Extracted material ::
________________________

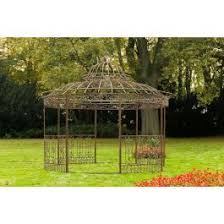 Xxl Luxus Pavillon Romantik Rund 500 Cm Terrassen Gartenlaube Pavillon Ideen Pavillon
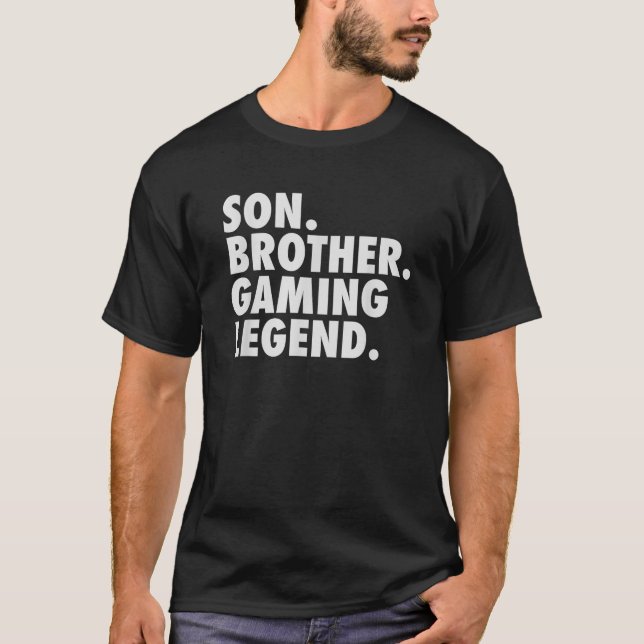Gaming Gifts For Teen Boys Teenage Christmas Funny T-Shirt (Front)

________________________

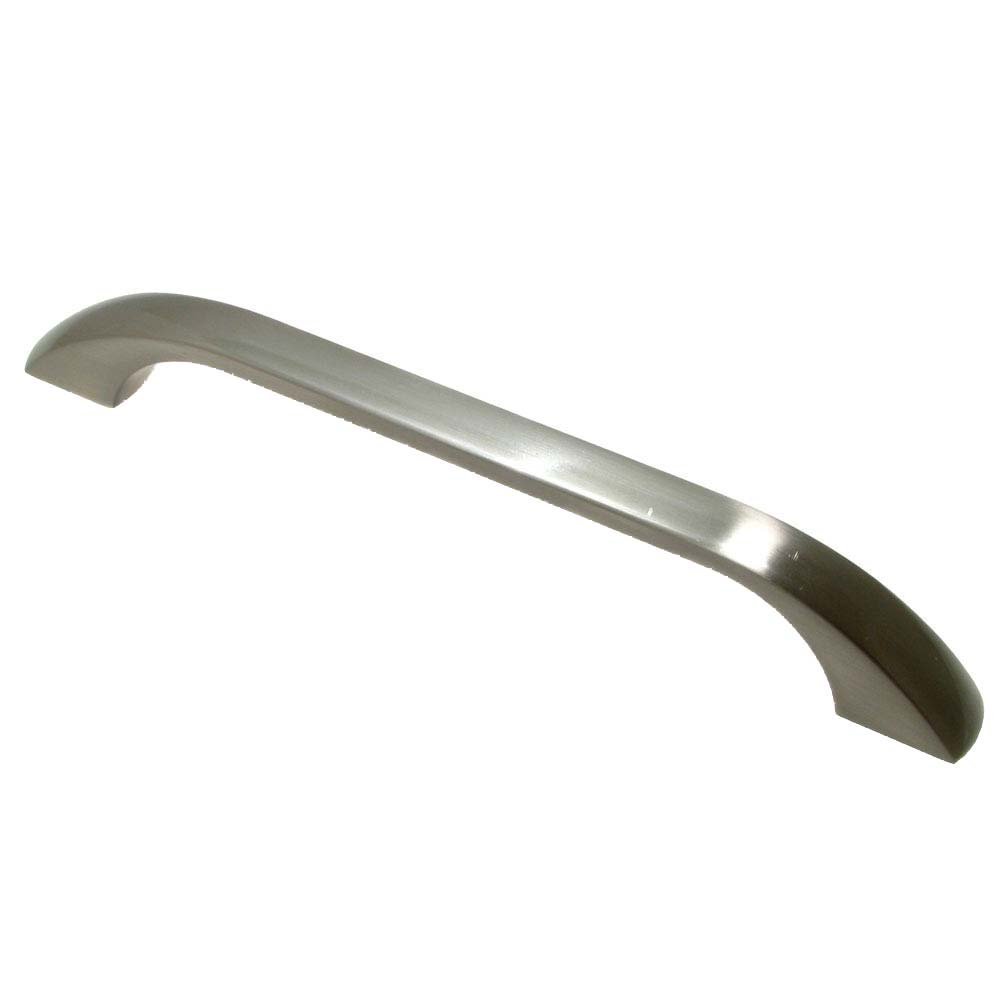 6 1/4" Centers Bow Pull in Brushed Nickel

________________________

How to complete this task :: Give again the stretch of the entries above that begins at the line with "Xxl Luxus Pavillon" and ends at the line with "Gaming Gifts For", word for word, with no pictures.

Result for this task ::
 Xxl Luxus Pavillon Romantik Rund 500 Cm Terrassen Gartenlaube Pavillon Ideen Pavillon
Gaming Gifts For Teen Boys Teenage Christmas Funny T-Shirt (Front)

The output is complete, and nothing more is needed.